My last one year and a half
I'm never going to complete this before my birthday in June if I decide to write it in one sitting so I'll write down things as I go.
...was what I'm going to say. Now my birthday is only tomorrow I have to be quick, so here's a summary:
- I got scammed by those fucking 民运 believing Tuanpai would do something to you-know-who. They did fucking nothing, and they're facing very severe consequences, as they should be for not doing anything. I understand it was totally my fault for being this stupid. I could do things *very* differently and had way more leeway, if ONLY I haven't believed in such a blatant lie. I'm so sorry that I'm this stupid.
- I'm no longer an anarchist.

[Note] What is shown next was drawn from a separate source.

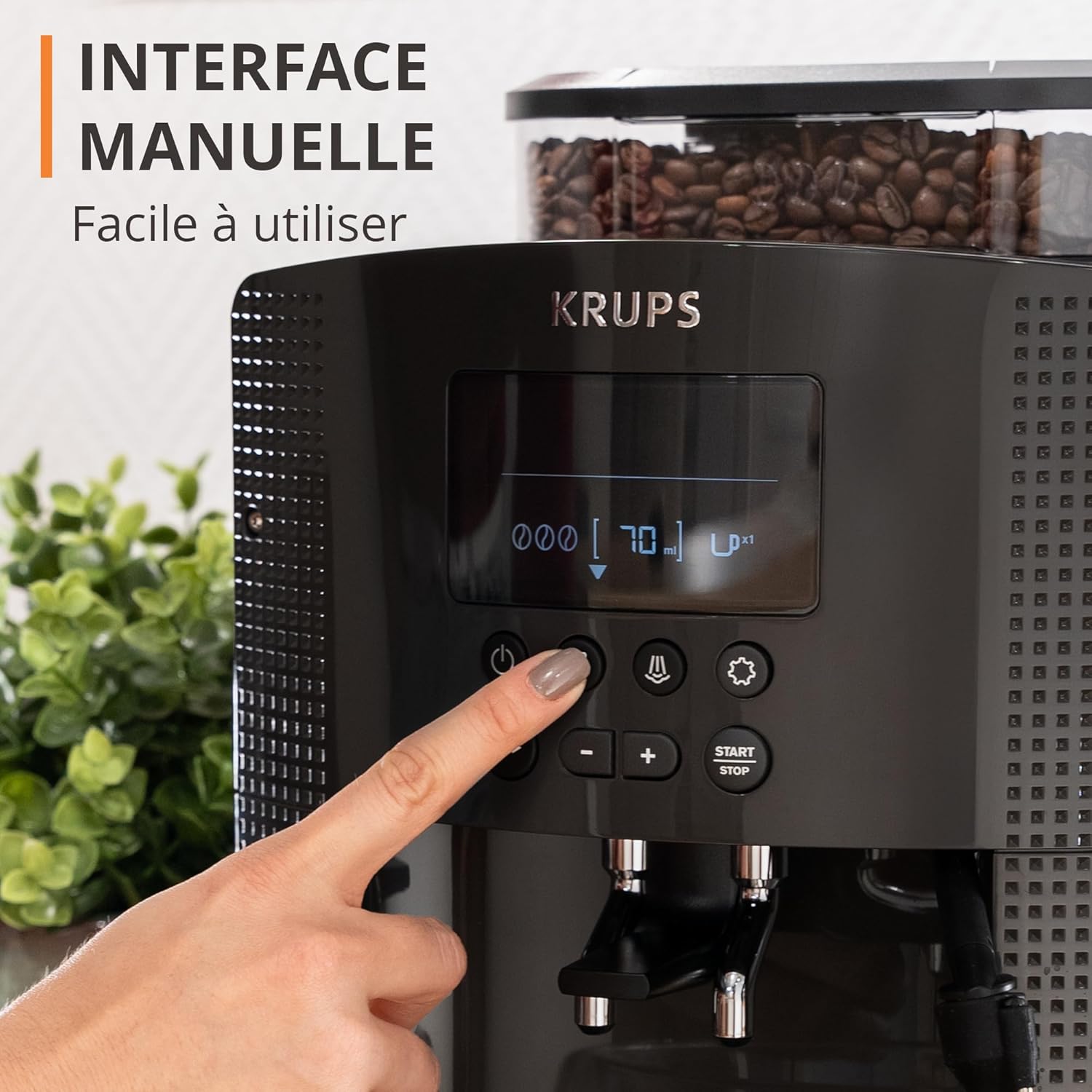 Krups Machine à café grain, 2 expressos simultanés, Ecran LCD, Cafetière espresso compacte, Nettoyage automatique, Buse vapeur pour Cappuccino, Essential noire YY8135FD, Noir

In the past when I hated this place, I thought the concept of "nation" itself was the bad thing and there should be absolutely no nation; now I believe it was just because of China being what it is. One cannot exert order without a certain degree of violence; if this evil is inescapable, then I would much rather take things into my own hand.

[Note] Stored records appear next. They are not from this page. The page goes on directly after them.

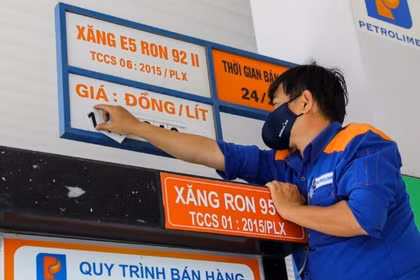 Giá xăng giảm gần 4.000 đồng/lít
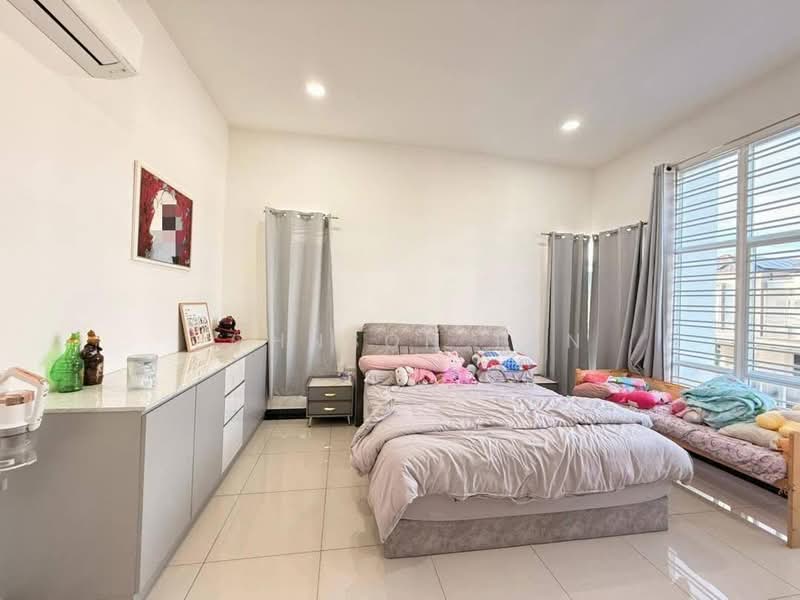 Rumah Kluster untuk Dijual di Setia Tropika (Johor Bahru) - Johnson Tan - Bedroom - PropertyGuru.com.my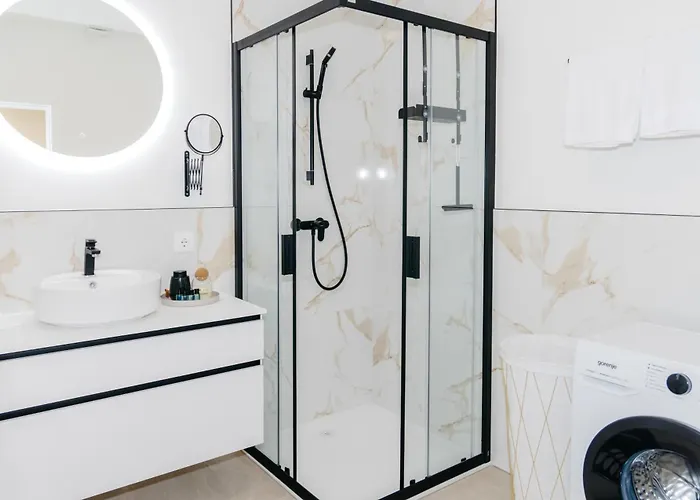 Animea & Appartements-ossiacher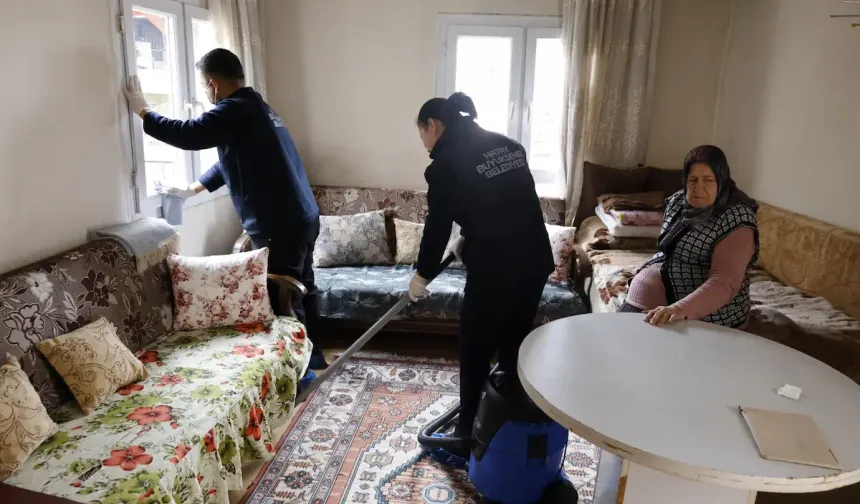 HBB, İhtiyaç Sahibi Ailelere Evde Temizlik Hizmeti Veriyor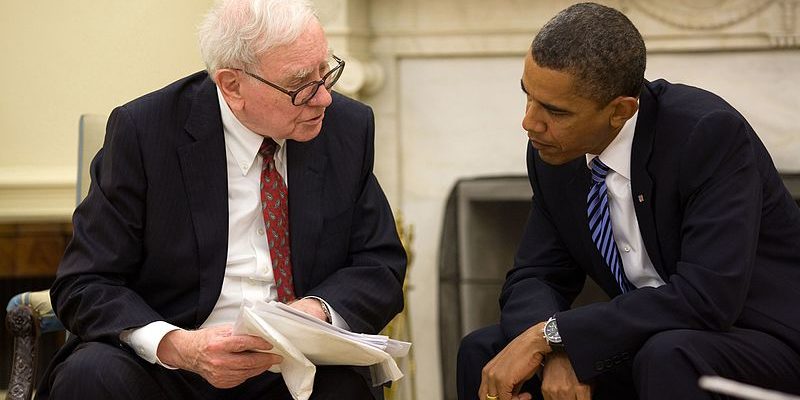 Storytelling-im-Finanzwesen-President_Barack_Obama_and_Warren_Buffett_in_the_Oval_Office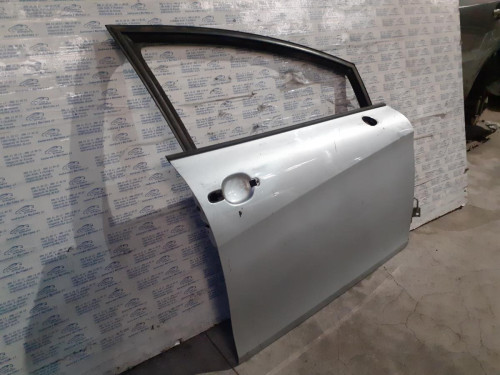  PUERTA DELANTERA DERECHA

- I used to be pro-trans and pro puberty blockers. I read more about this topic, and decided not to. Current transgenderism is going down in a very dark and dangerous path and, if not countered properly, is going to make a whole generation suffer, especially in first-world countries.
For other stuff I had enough time to write down in details and they're here:
Finding out that I am asexual
That explains a lot of things... For the longest time I was:
- Doubting if I was actually gay because I don't particularly like women.

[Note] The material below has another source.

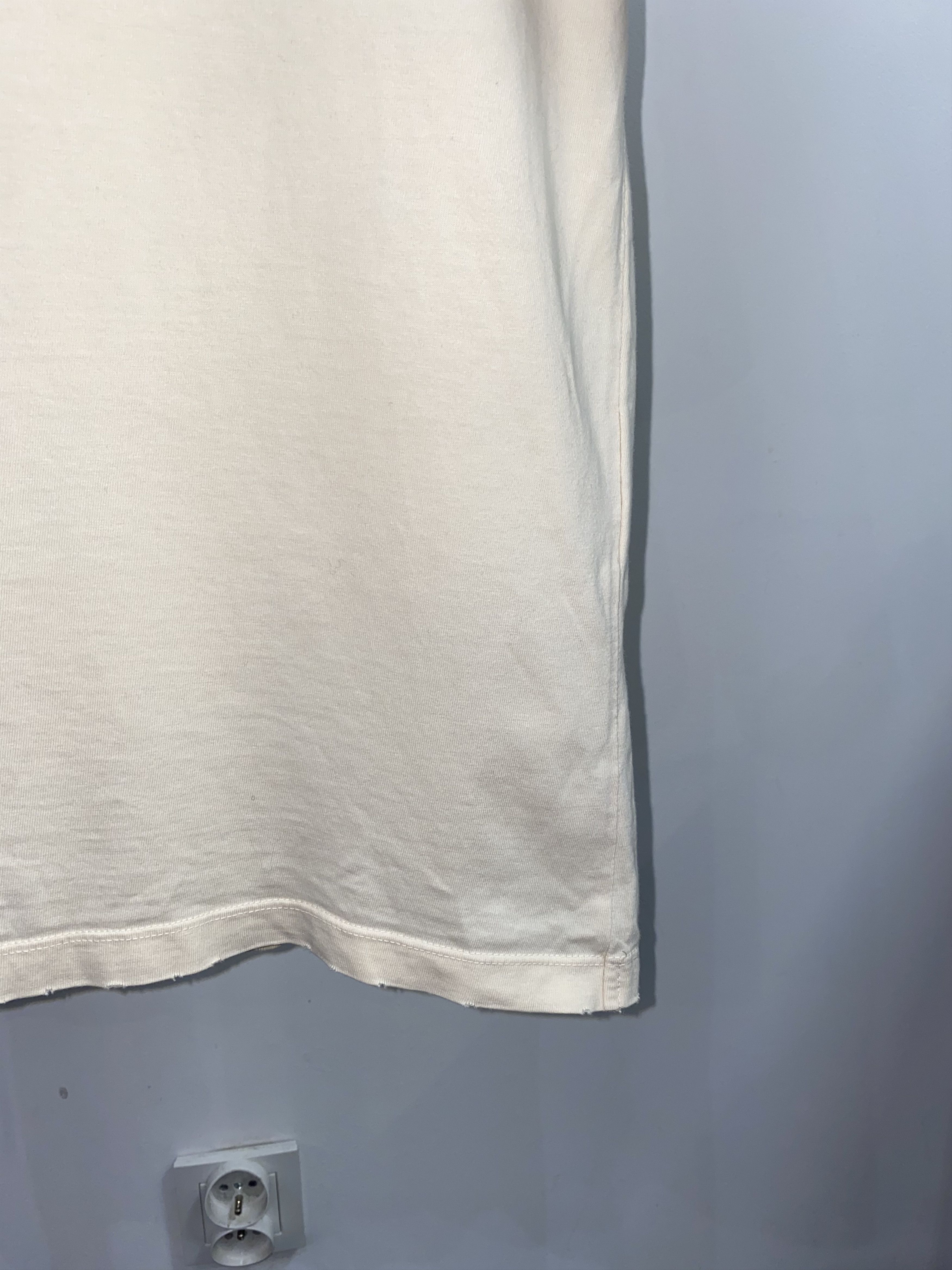 Prada Vintage Prada Skull Embroidered Red Tab Logo Cream T-Shirt Size US L / EU 52-54 / 3 - 3 Thumbnail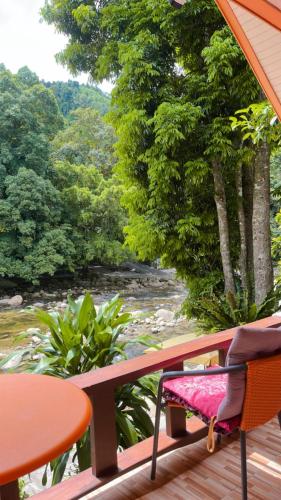 Bansuanrari Kiriwong Resort near Karom Waterfall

- Doubting if I was actually bisexual because I don't particularly like men either.
- Not understanding why people call (sexually) good-looking girls hot or spicy or any word along the line - it seems like you're supposed to feel hot from the sexual urge? Never had it (I just think pretty girls are pretty), never understand it.
- Not understanding why the focus on sexual parts in the anime community. (especially the breasts. For whatever reasons this community has a common hyperfixation on breasts. I never understand why we must talk about breasts as much as we do.)
- Being amazed to no end by the fact that some people could just hook up solely for sex instead of something that has more emotional connections like cuddling.
- Now that I think about it, I have always had a mildly-strong distaste for sex jokes too; I thought I was just being respectful.
Welp, at least that's much more comfortable tag to have than "being mentally challenged enough to not consider sexual things sexual".
Atheist to Wiccan to Deist
To be honest, up till now I still have zero spiritual experience, so I can't speak about that part. I don't know what's the correct way to describe this but this is how I see things currently:
- My asexuality was God's intent: God asked me to be less horny (?). to be able to keep my mind outside of humanly desire.
- Every downfall I've faced in my life was inherently a result of my sin (or at least in which my sin has played a major role), and
- The fact that I understand and *come to terms* with all of this is the sign of the beginning of salvation. (or maturity, I suppose. I don't know how things would actually work out this way beforehand.)
The asexuality thing was the first that came to mind as a sign; and once you believe that it was indeed a sign, you start seeing signs everywhere: my early interests in theology was a sign, my way-too-early interests in philosophy was a sign, the cross in my palm was a sign, I came across the majorly Christian right-wing reactionary separatist movement mentioned above which can also be a sign (?)... I do believe (or I would really like to believe) there's ultimate salvation behind all this; I just need to find out what's the next obstacle and who He truly is.
I was a self-proclaimed half-Wiccan for a while before turning to deism. For some reasons the notion of believing there's two Gods does not sit right with me.
(I call myself a deist only because it's the closest word to describe what I currently think about religions and spirituality; I believe in signs so I guess God does somewhat intervene this world after all. I still have a lot to learn on this topic.)
But, one God or multiple? Male or female?
One. One that manifests as a single God and multiple Gods at the same time. I don't believe that God has a sex or a gender; to believe that God has to fit into such worldly categories feels blasphemous to me.